- _Records for the exercise_:

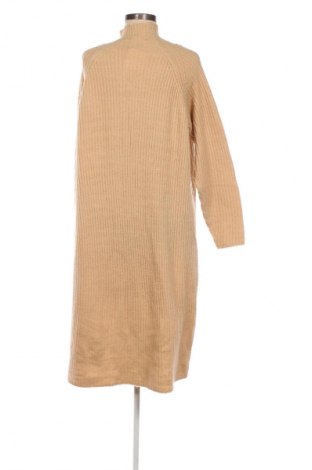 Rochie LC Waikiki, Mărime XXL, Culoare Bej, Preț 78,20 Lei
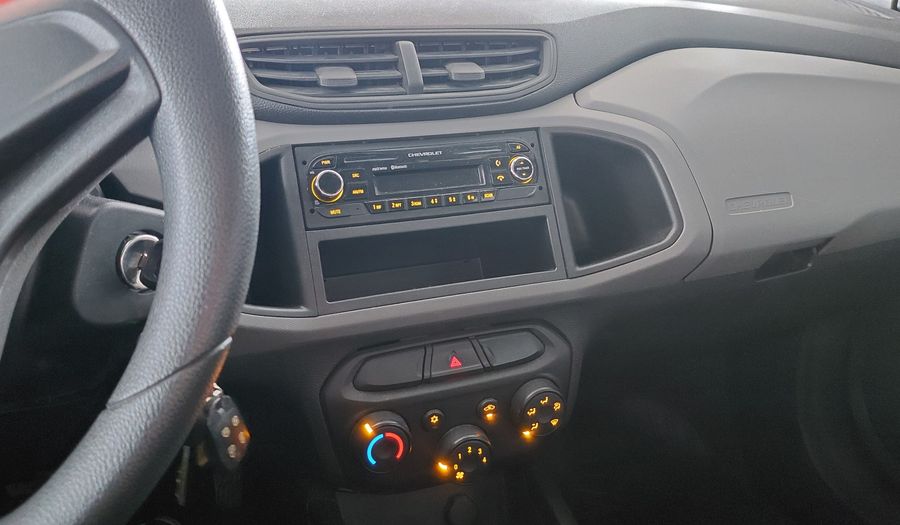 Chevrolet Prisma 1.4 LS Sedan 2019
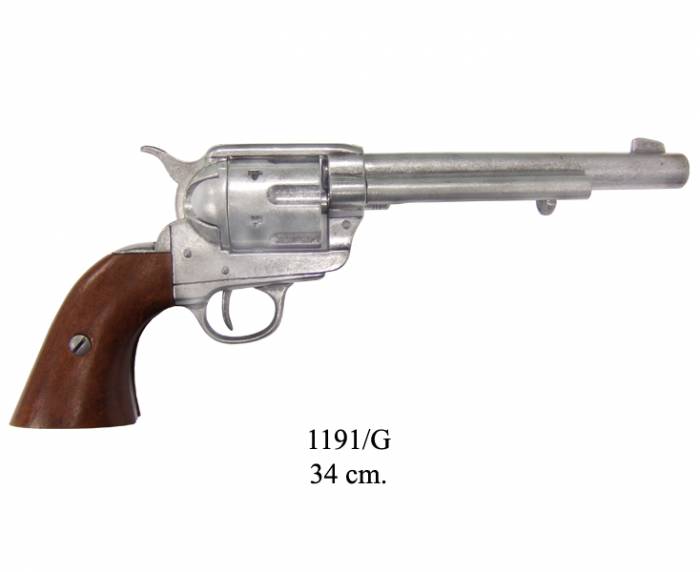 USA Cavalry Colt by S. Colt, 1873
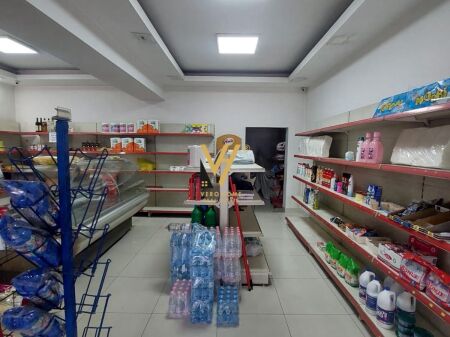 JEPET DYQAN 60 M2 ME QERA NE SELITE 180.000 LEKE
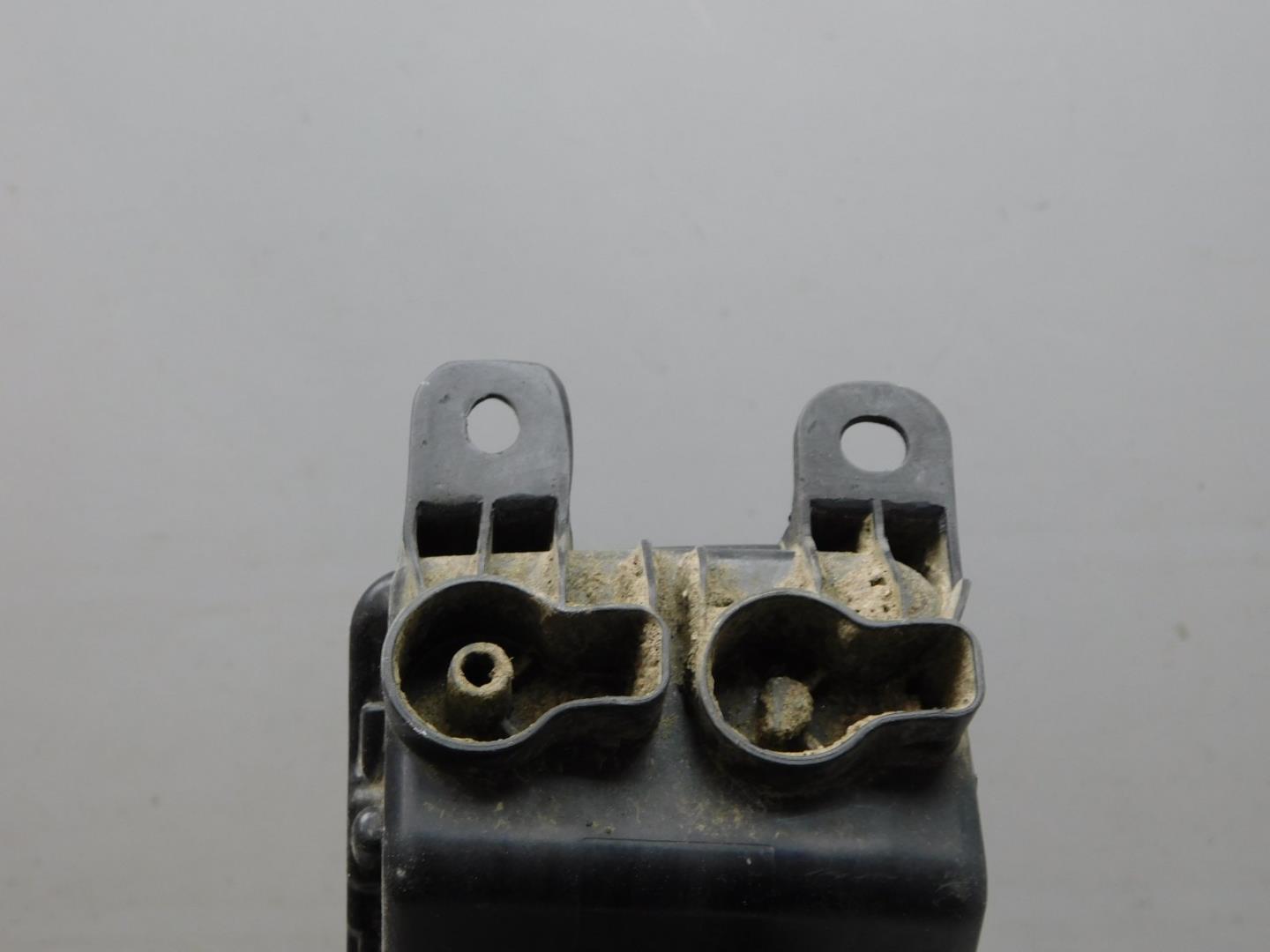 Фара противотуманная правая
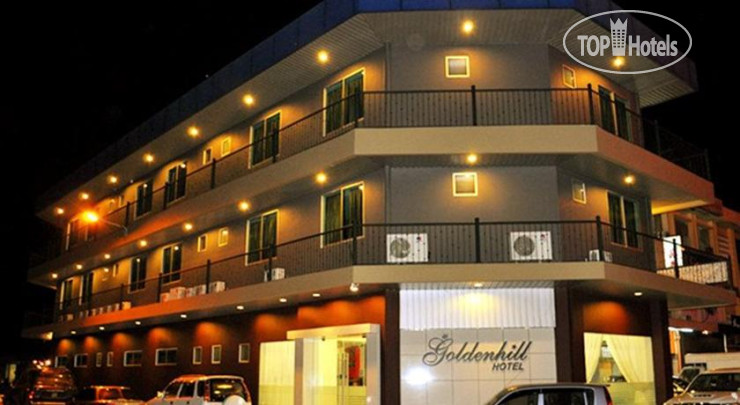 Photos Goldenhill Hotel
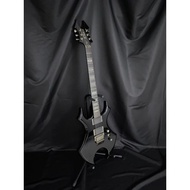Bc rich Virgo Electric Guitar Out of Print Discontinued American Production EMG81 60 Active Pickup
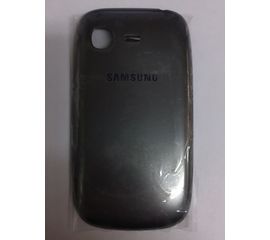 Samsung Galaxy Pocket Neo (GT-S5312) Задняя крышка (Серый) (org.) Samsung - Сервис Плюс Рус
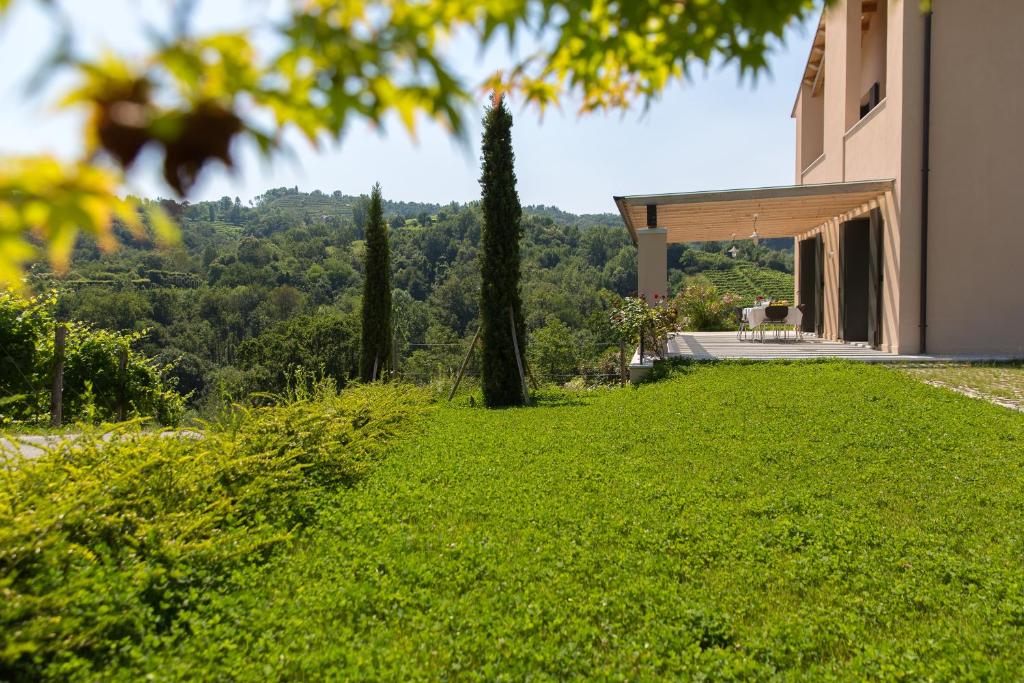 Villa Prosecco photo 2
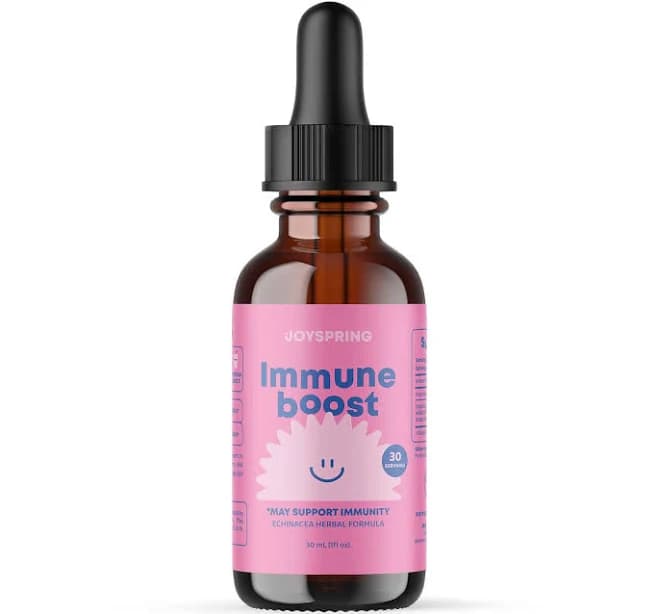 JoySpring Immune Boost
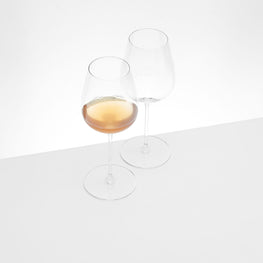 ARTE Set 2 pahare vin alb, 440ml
* * *
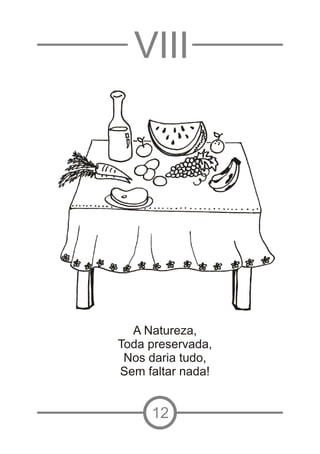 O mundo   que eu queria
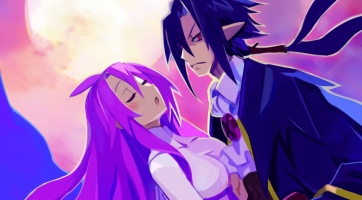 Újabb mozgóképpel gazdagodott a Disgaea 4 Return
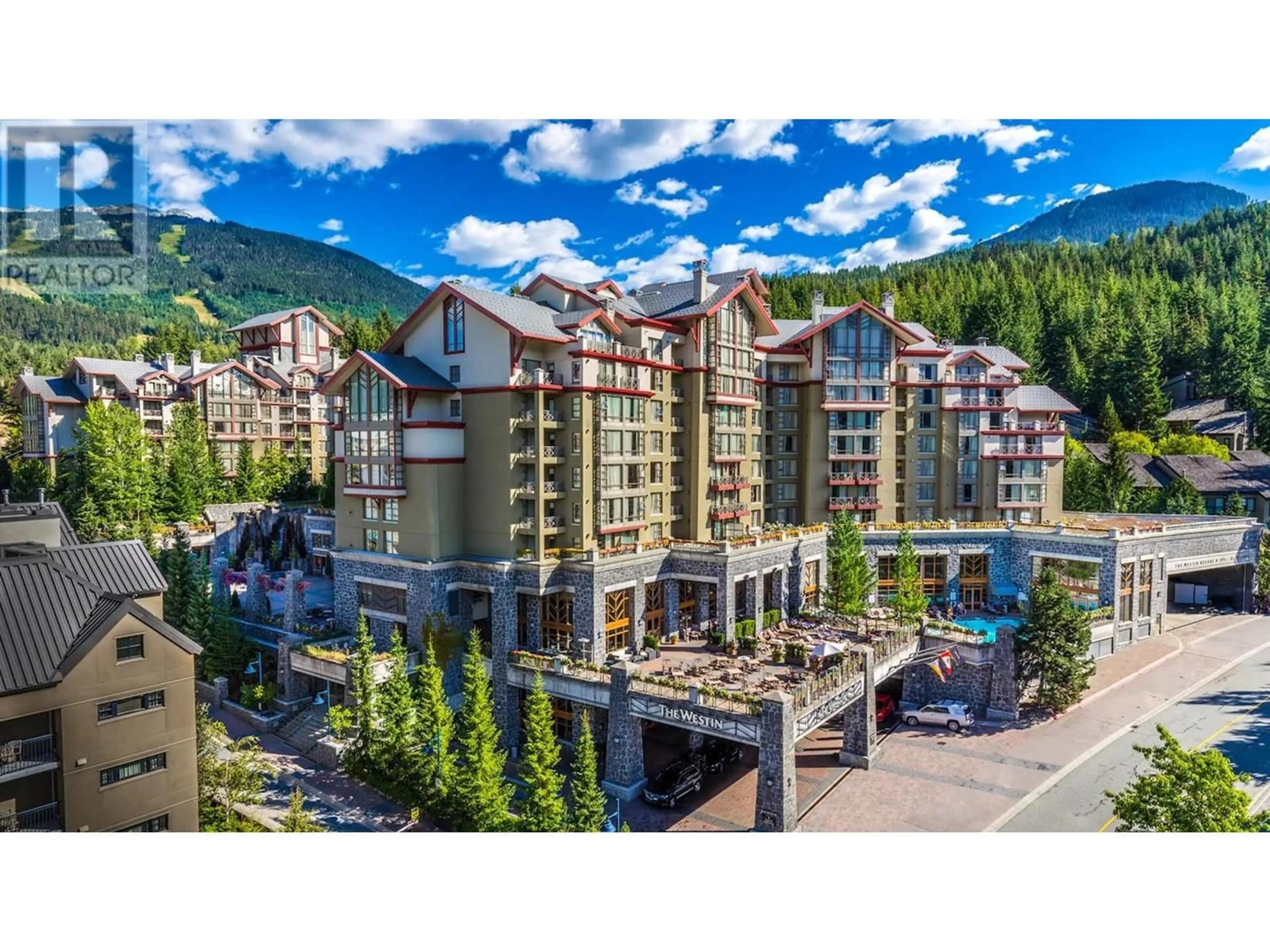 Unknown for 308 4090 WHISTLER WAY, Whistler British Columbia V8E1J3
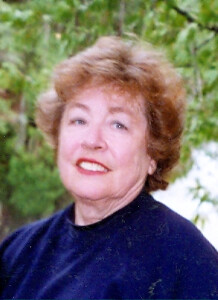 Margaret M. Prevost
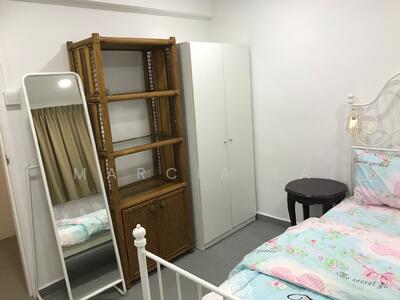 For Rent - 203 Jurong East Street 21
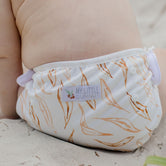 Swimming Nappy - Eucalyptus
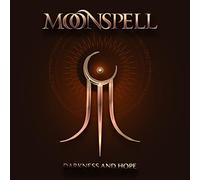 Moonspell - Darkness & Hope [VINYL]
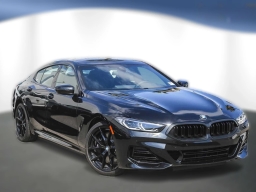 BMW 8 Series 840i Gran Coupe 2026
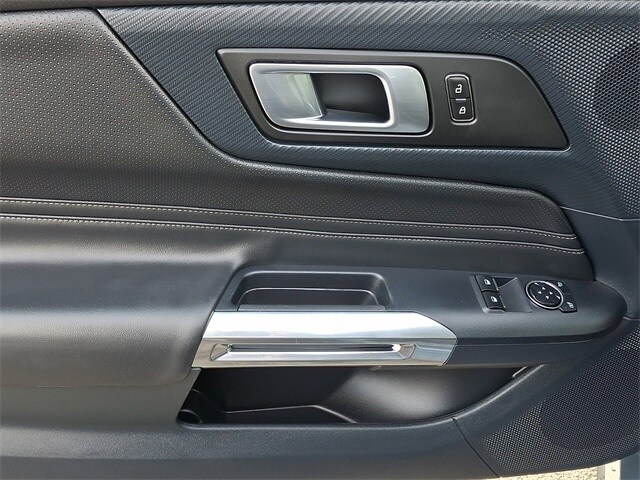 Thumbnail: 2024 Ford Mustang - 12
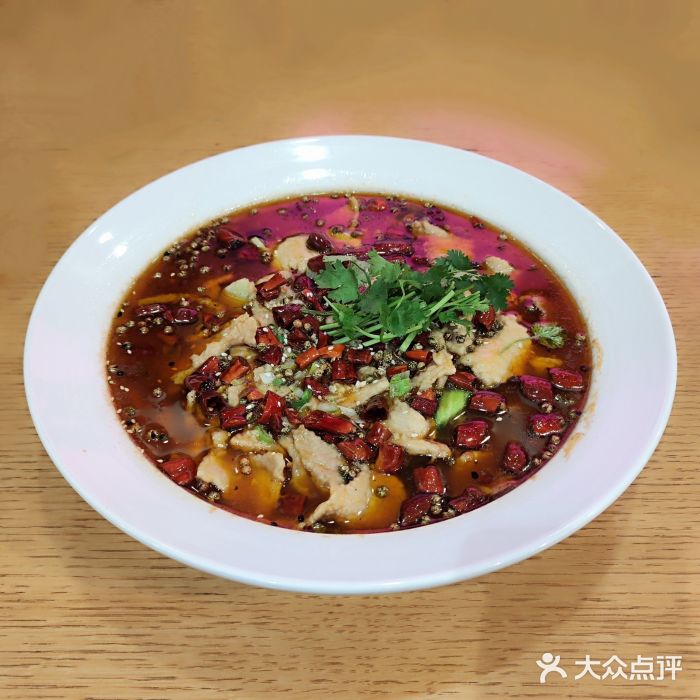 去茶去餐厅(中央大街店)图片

- _What to produce_: Given the listing above, retype only the span of lines from the line with "Újabb mozgóképpel gazdagodott" up to and including the line with "去茶去餐厅(中央大街店)图片", exactly as it stands and without pictures.

- _Problem solution_:
 Újabb mozgóképpel gazdagodott a Disgaea 4 Return
 Unknown for 308 4090 WHISTLER WAY, Whistler British Columbia V8E1J3
 Margaret M. Prevost
 For Rent - 203 Jurong East Street 21
 Swimming Nappy - Eucalyptus
 Moonspell - Darkness & Hope [VINYL]
 BMW 8 Series 840i Gran Coupe 2026
 Thumbnail: 2024 Ford Mustang - 12
 去茶去餐厅(中央大街店)图片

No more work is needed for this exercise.